[RFA][PATCH][PR middle-end/61118] Improve tree CFG accuracy for setjmp/longjmp

Jeff Law law@redhat.com
Tue Mar 6 03:41:00 GMT 2018


On 03/05/2018 12:30 PM, Michael Matz wrote:
> Hi,
> 
> On Mon, 5 Mar 2018, Jeff Law wrote:
> 
>>>> The single successor test was strictly my paranoia WRT abnormal/EH 
>>>> edges.
>>>>
>>>> I don't immediately see why the CFG would be incorrect if the 
>>>> successor of the setjmp block has multiple preds.
>>>
>>> Actually, without further conditions I don't see how it would be safe 
>>> for the successor to have multiple preds.  We might have this 
>>> situation:
>>>
>>> bb1: ret = setjmp
>>> bb2: x0 = phi <x1 (bb1), foo(bbX)>
>> No.  Can't happen -- we're still building the initial CFG.  There are no
>> PHI nodes, there are no SSA_NAMEs.
> 
> While that is currently true I think it's short-sighted.  Thinking about 
> the situation in terms of SSA names and PHI nodes clears up the mind.  In 
> addition there is already code which builds (sub-)cfgs when SSA form 
> exists (gimple_find_sub_bbs).  Currently that code can't ever generate 
> setjmp calls, so it's not an issue.
It's not clearing up anything for me.  Clearly you're onto something
that I'm missing, but still trying to figure out.

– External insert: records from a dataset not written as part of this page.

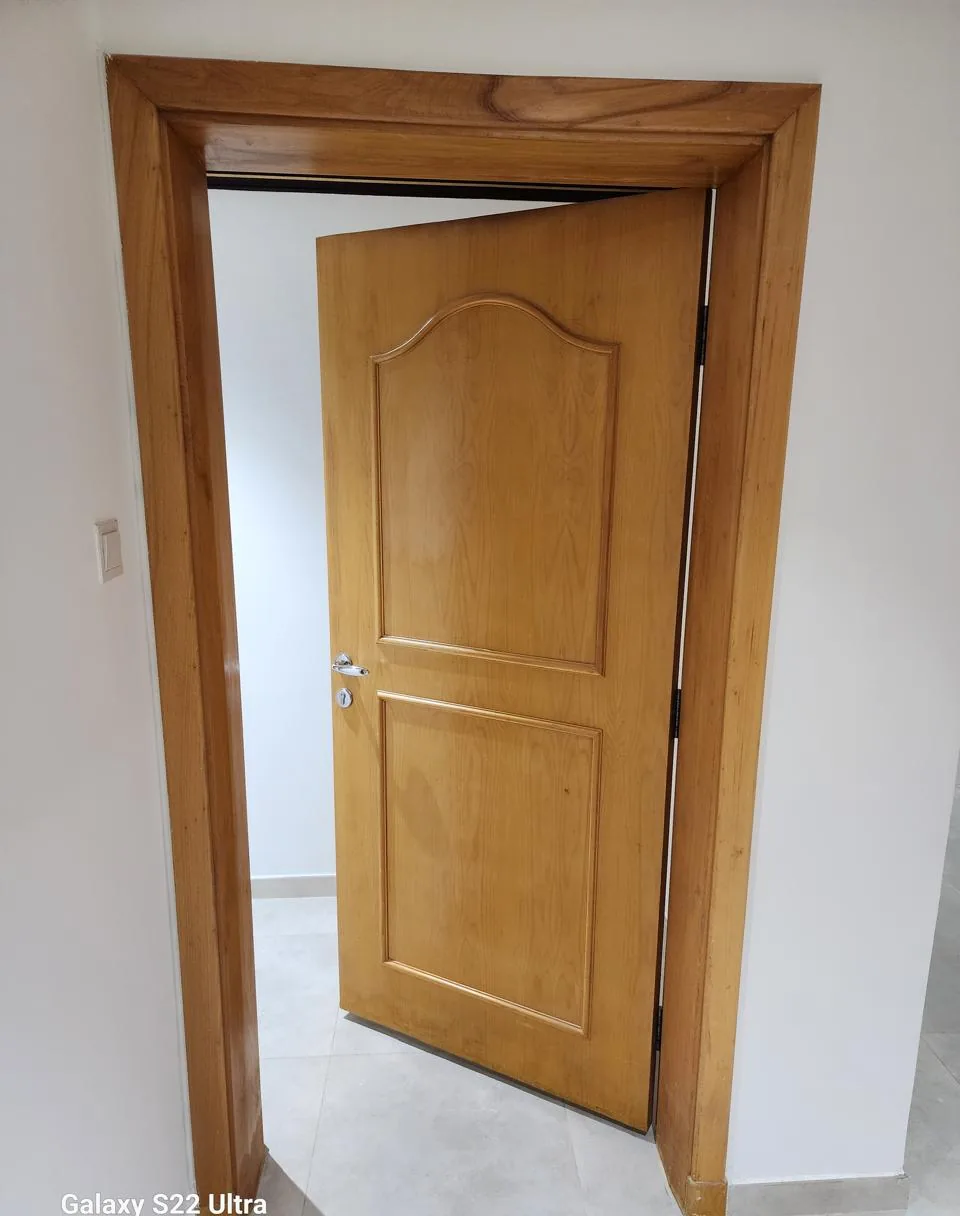 Natural wood panel door standing open in a timber frame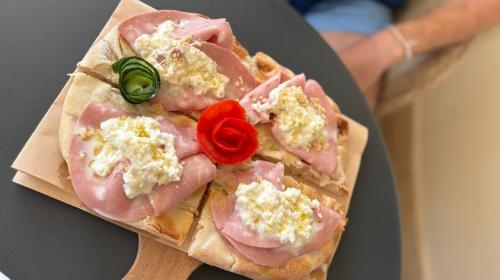Pizza con mortadella e crema, decorata con rose di verdure, su tagliere.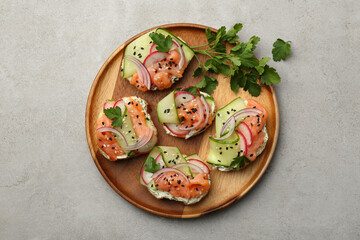 Tasty canapes with salmon served on light grey table, top view
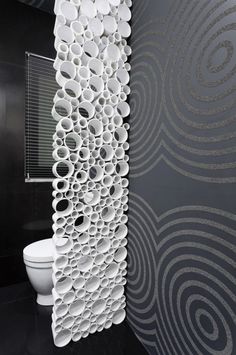 the toilet is next to a wall with circles on it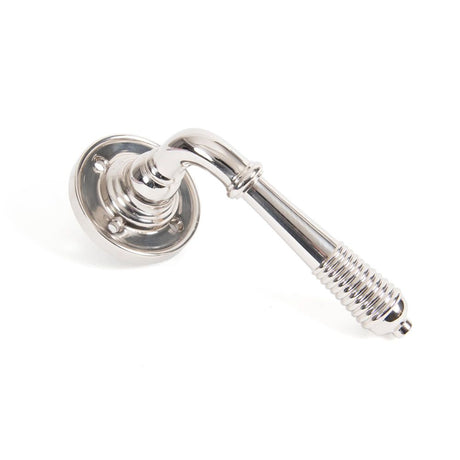 This is an image of From The Anvil - Polished Nickel Reeded Lever on Rose Set available to order from T.H Wiggans Architectural Ironmongery in Kendal, quick delivery and discounted prices.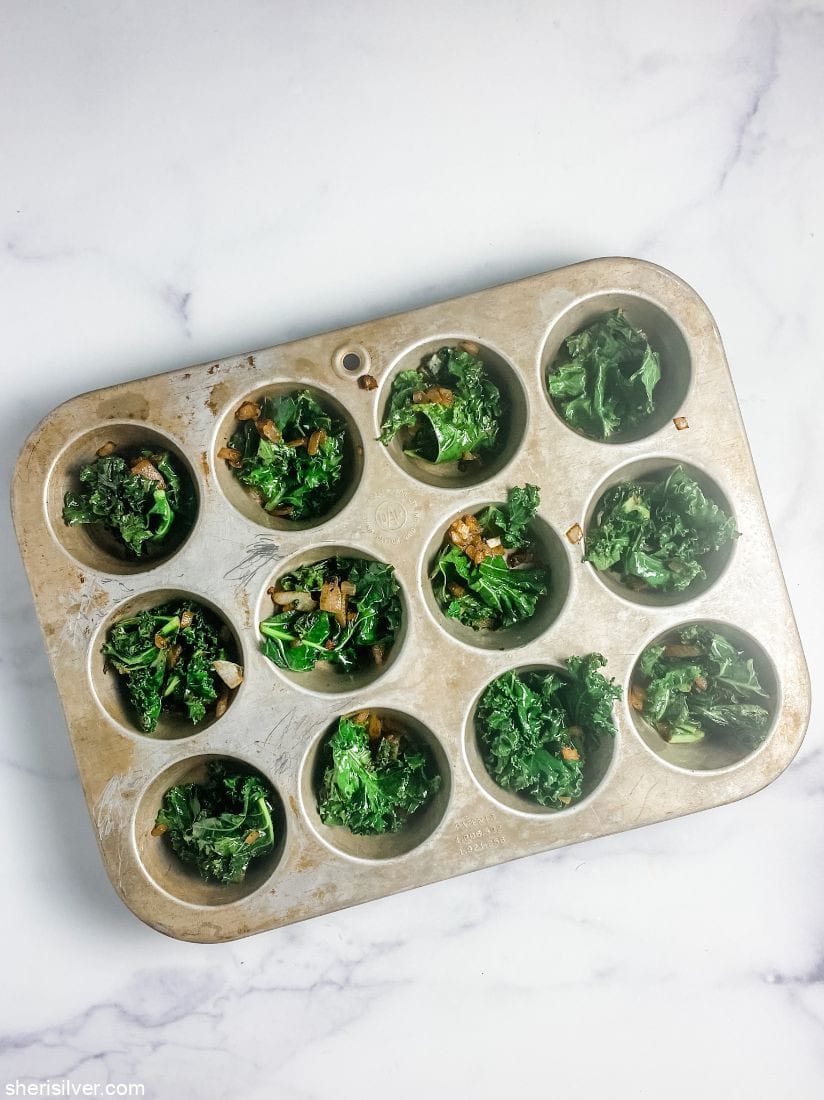 kale and bacon in muffin tins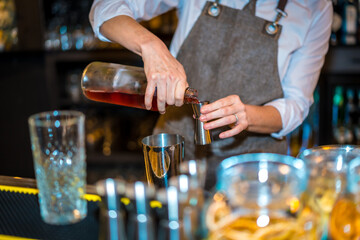 Close-up of bartender preparing a luxury cocktail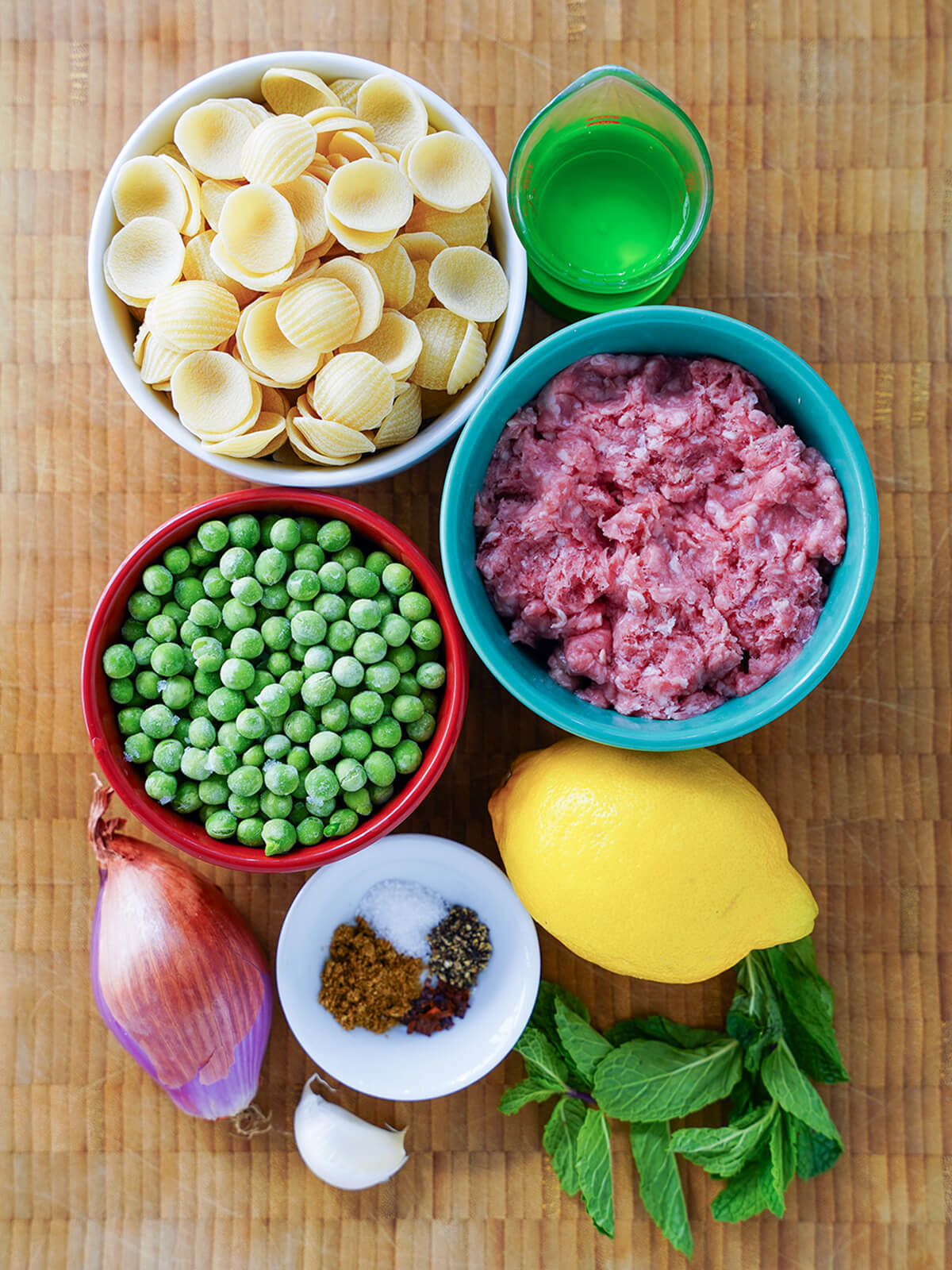 bowls of dried pasta, ground lamb, peas, with a lemon, dish with spices, mint sprig, shallot, garlic.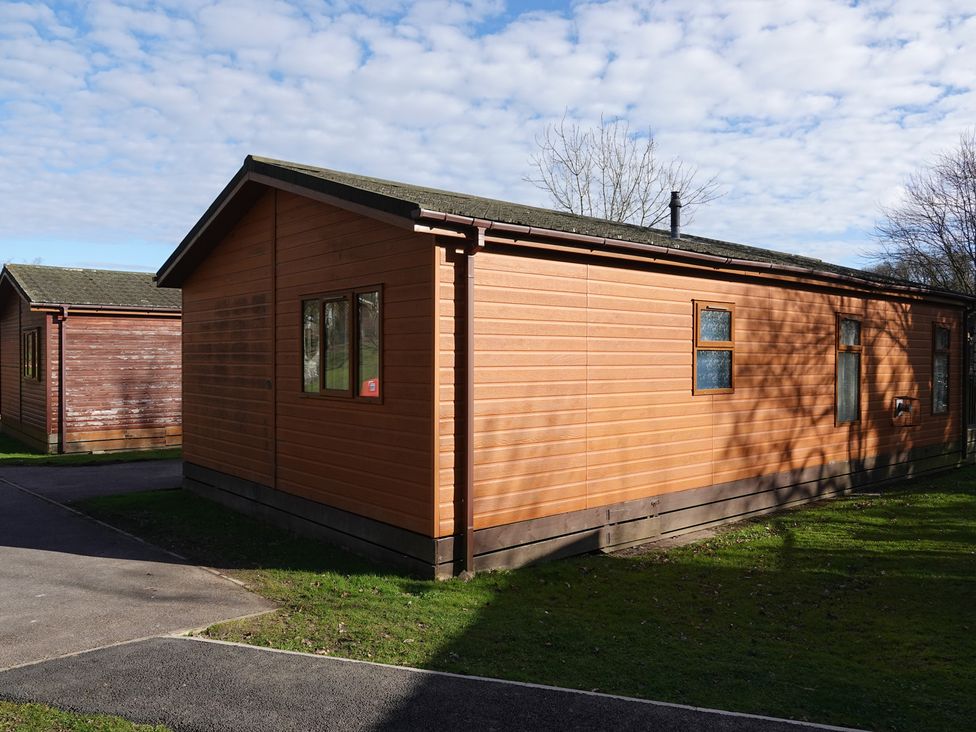A wooden lodge with windows and a door at Woodland View 31 - The Hawthorns near Finlakes Holiday Park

Certainly we have to be careful WRT the implicit set of the return value
of the setjmp call that occurs on the longjmp path.  That's worth
investigating.  I suspect that works today more by accident of having an
incorrect CFG than by design.


> 
>> We have two choices we can either target the setjmp itself, which is
>> what we've been doing and is inaccurate.  Or we can target the point
>> immediately after the setjmp, which is accurate.
> 
> Not precisely, because the setting of the return value of setjmp does 
> happen after both returns.  So moving the whole second-return edge target 
> to after the setjmp call (when it includes an LHS) is not correct 
> (irrespective how the situation in the successor BBs like like).
But it does or at least it should.  It's implicitly set on the longjmp
side.  If we get this wrong I'd expect we'll see uninit uses in the PHI.
 That's easy enough to instrument and check for.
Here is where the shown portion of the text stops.